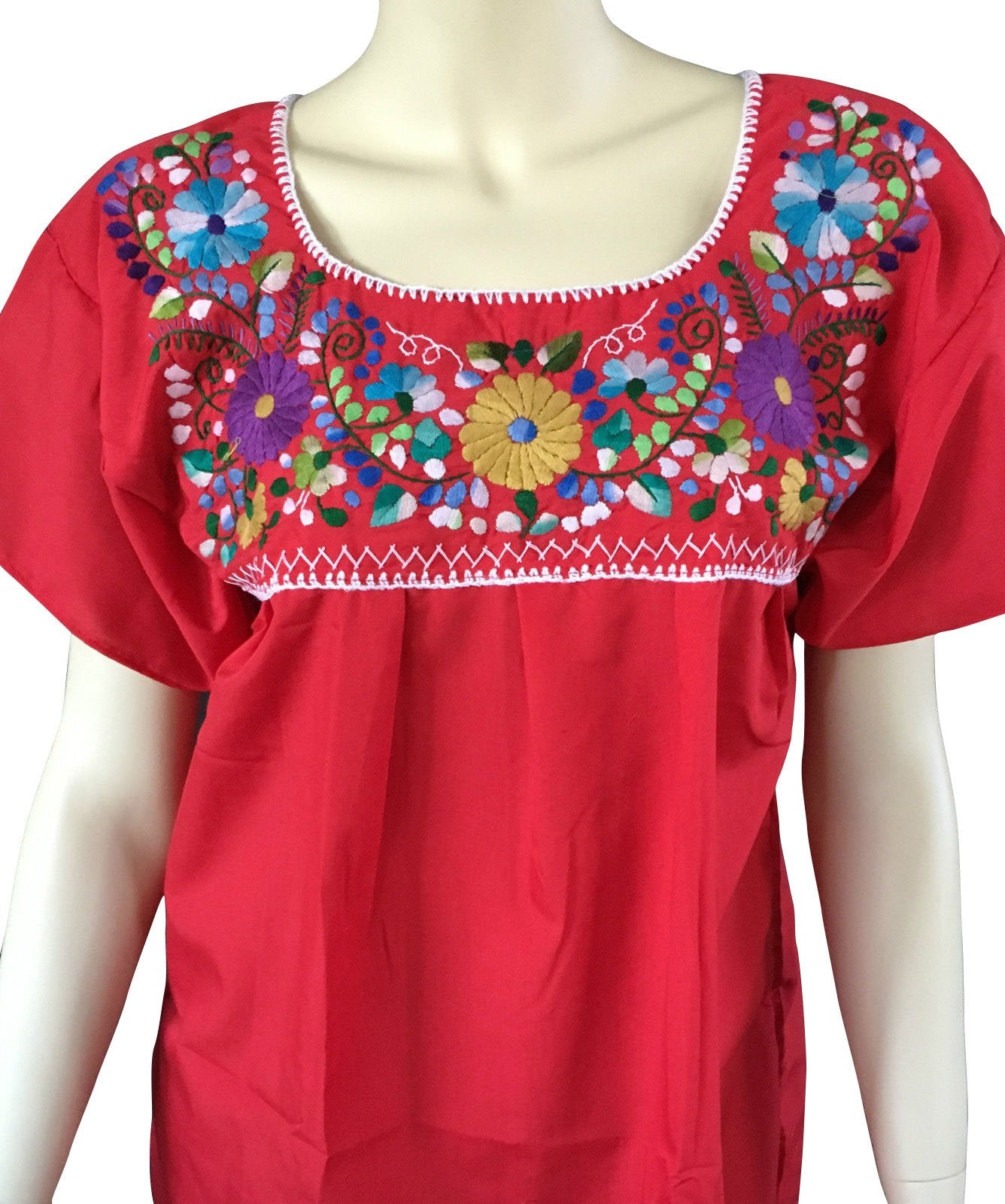 RED EMBROIDERED MEXICAN PEASANT BLOUSE – MexiMart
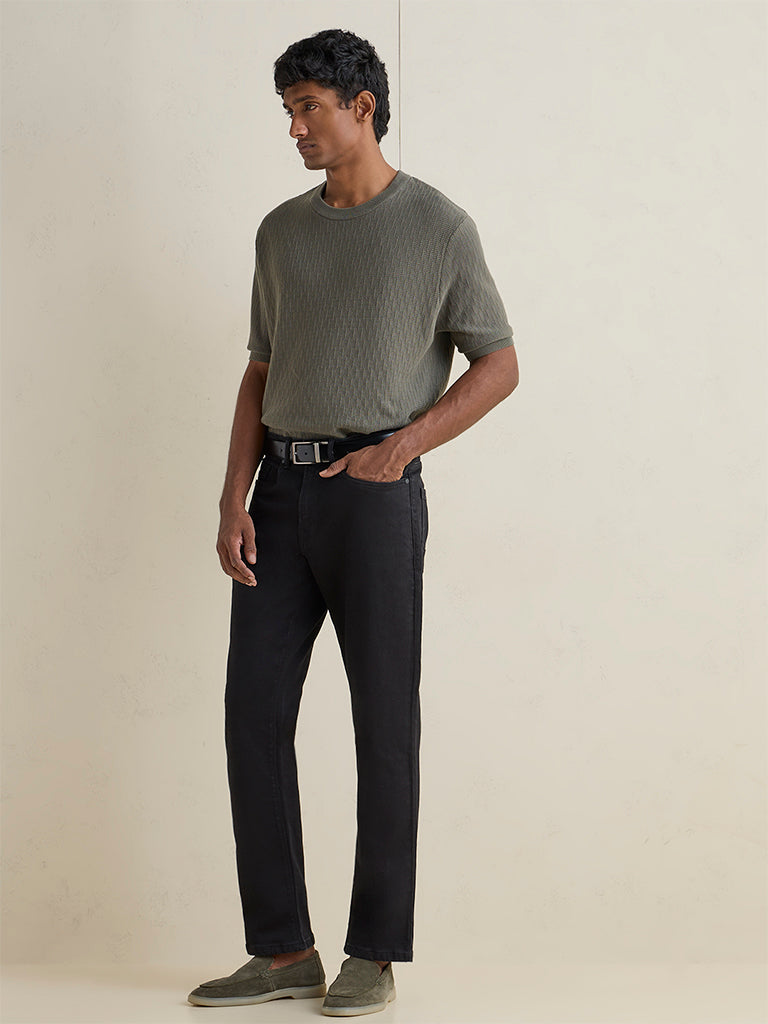 Ascot Black Relaxed-Fit Mid-Rise Jeans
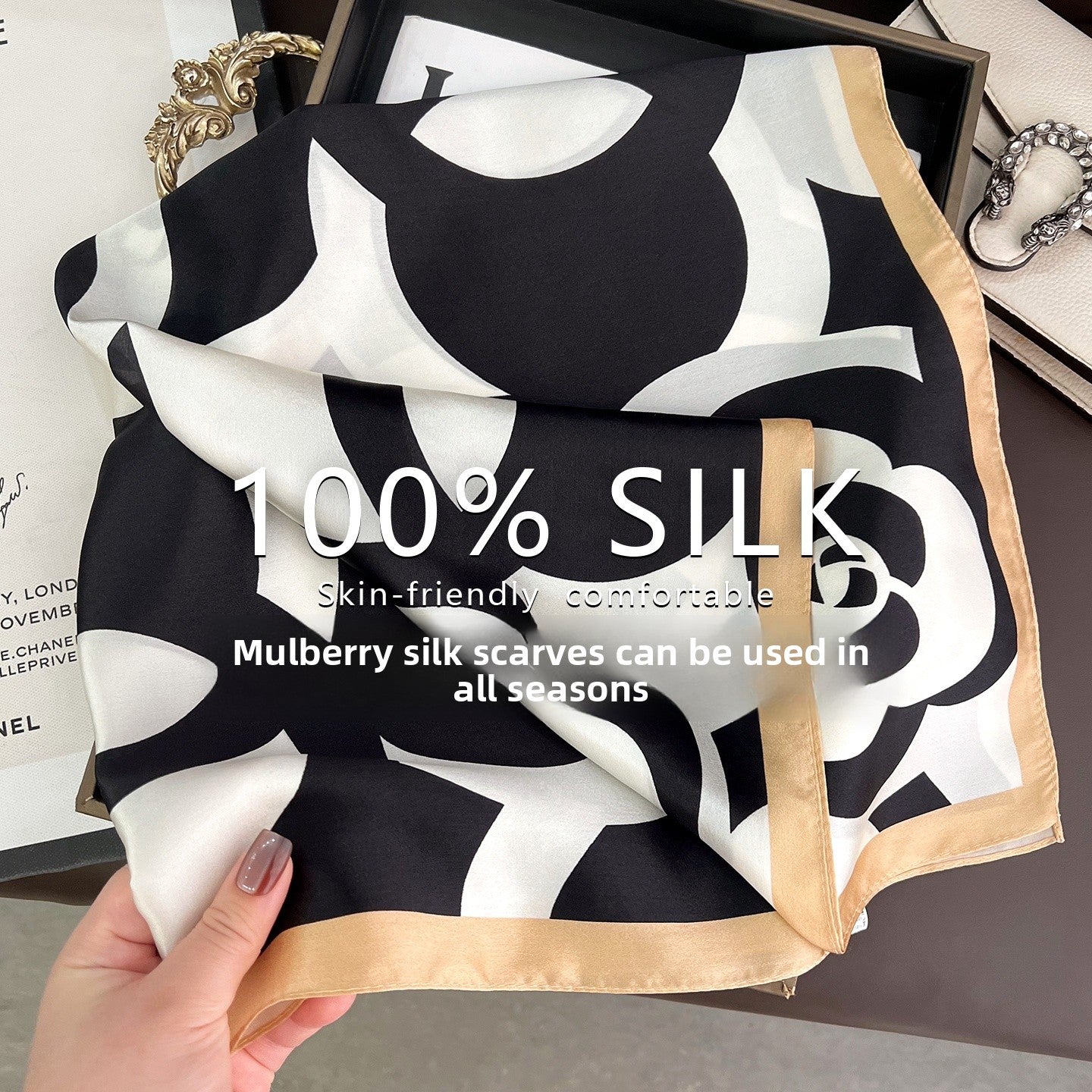 French Style Silk Scarf For Women Featuring Elegant Black & White Flowers, Perfect For Summer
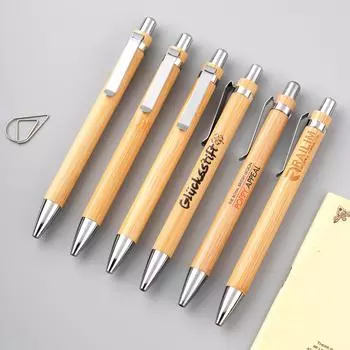 Экологичная бамбуковая шариковая ручка с металлическим клипом - Устойчивая к насекомым и плесени, настраиваемый дизайн Bullet Type 1.0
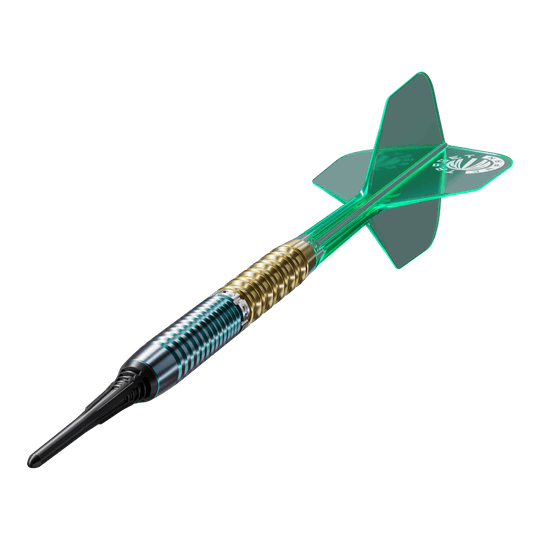 Target Japan Prime Series Zenith GEN 2.5 Soft Darts - 20g Das Bild zeigt die Target Japan Prime Series Zenith GEN 2.5 Softdarts mit einem Gewicht von 20g. Die Darts sind für das Softdartspiel geeignet und haben ein modernes Design.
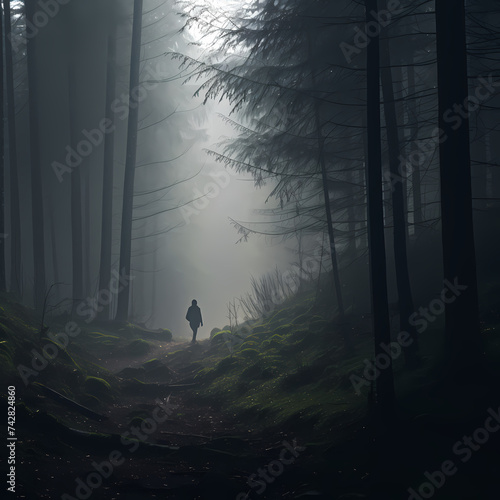 Lone figure walking through a misty forest. 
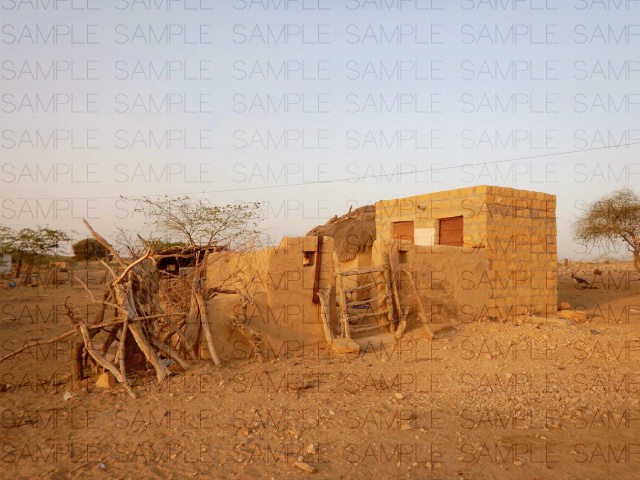 荒野の貧村:写真素材集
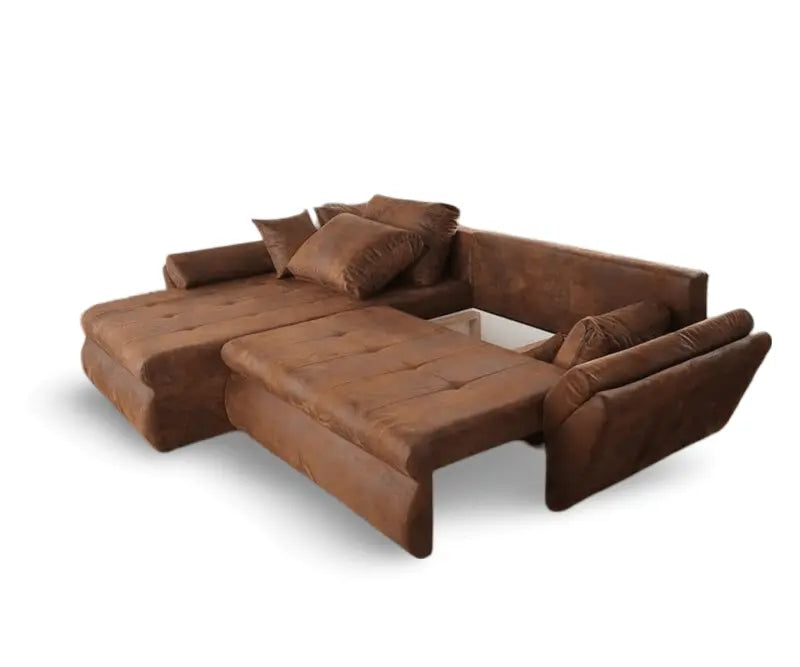 Colțar extensibil dumonde cu ladă de depozitare si sezut confortabil din spuma high-density, Loana Madagaskar Brown II 270x185 cm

=-=-=-=-=

» **WORK INSTRUCTIONS**
In the listing above, find the line containing "French Style Silk" and the line containing "荒野の貧村:写真素材集", then output those two lines and everything between them exactly as written, without the images.

» **WRITTEN SOLUTION**
 French Style Silk Scarf For Women Featuring Elegant Black & White Flowers, Perfect For Summer
 Экологичная бамбуковая шариковая ручка с металлическим клипом - Устойчивая к насекомым и плесени, настраиваемый дизайн Bullet Type 1.0
 Target Japan Prime Series Zenith GEN 2.5 Soft Darts - 20g Das Bild zeigt die Target Japan Prime Series Zenith GEN 2.5 Softdarts mit einem Gewicht von 20g. Die Darts sind für das Softdartspiel geeignet und haben ein modernes Design.
 Lone figure walking through a misty forest. 
 荒野の貧村:写真素材集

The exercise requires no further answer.